In a telephone call on Sunday, Blinken "made clear that any external support to non-state armed groups in the DRC must end, including Rwanda's assistance to M23, an armed group that has been designated by the United States and the United Nations," spokesman Ned Price said.
Blinken "shared deep concern about the impact of the fighting on Congolese civilians who have been killed, injured and displaced from their homes," Price said in a statement.
The top US diplomat urged both countries to adhere to ceasefire agreement negotiated last month by Angola.
Blinken also condemned "the resurgence of hate speech and public incitement" targeting Rwanda, recalling the "real and horrible consequences of such rhetoric in the past," an allusion to the 1994 genocide that mostly targeted Tutsis.

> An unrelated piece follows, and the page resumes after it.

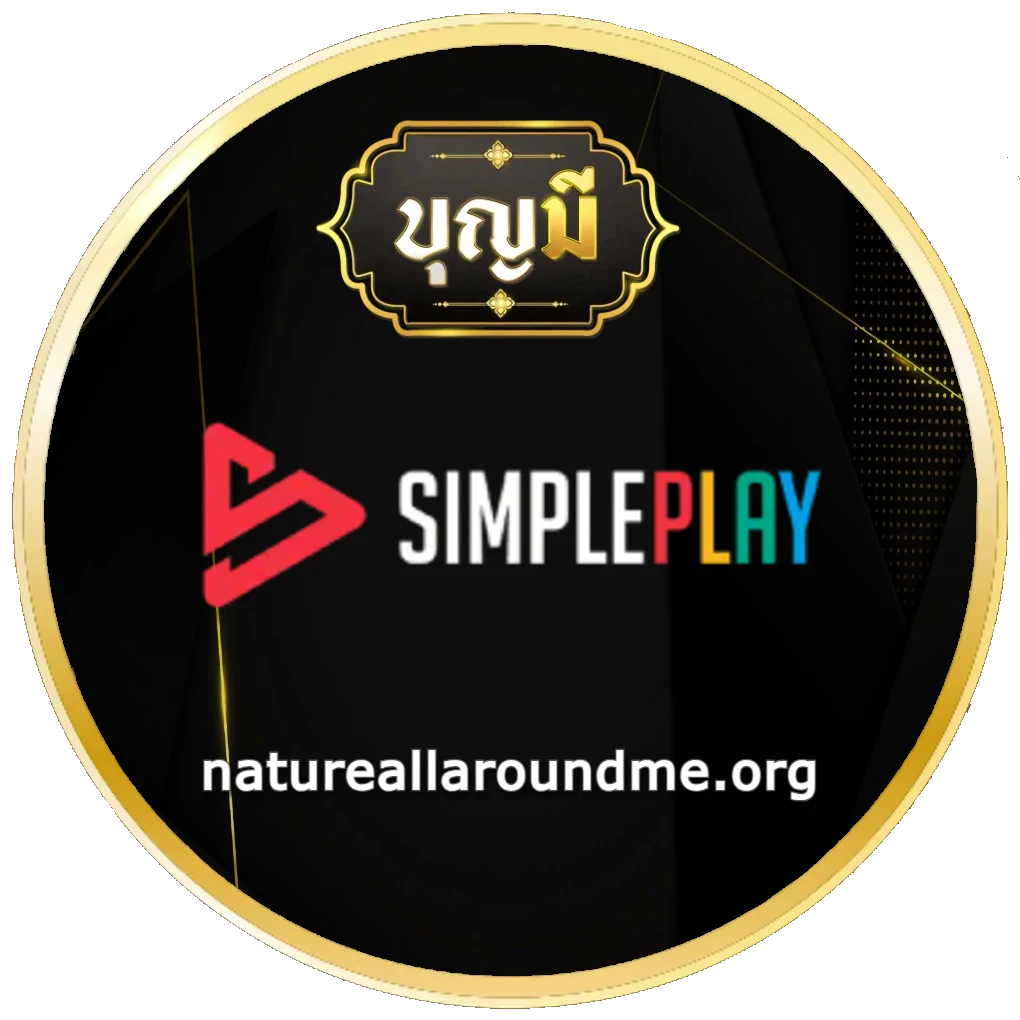 บุญมีสล็อต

Rwanda has denied repeated US-backed accounts of support for the M23, a mostly DRC Tutsi group that resumed fighting in late 2021 after lying dormant for years.

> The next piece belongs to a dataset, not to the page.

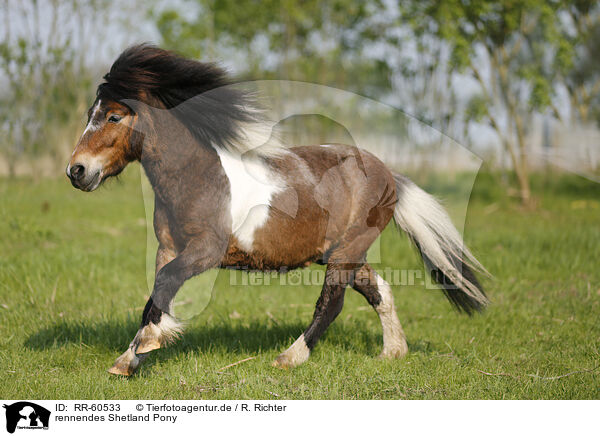 rennendes Shetland Pony / RR-60533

After a brief period of calm, it went on the offensive in October and has advanced toward the eastern regional hub of Goma.
Kinshasa last week accused the M23 of slaughtering more than 100 people in the village of Kinishe, around 70 kilometers north of Goma, charges denied by the militia.
Blinken aired criticism about Rwanda's role in DR Congo during visits in August to the neighboring countries.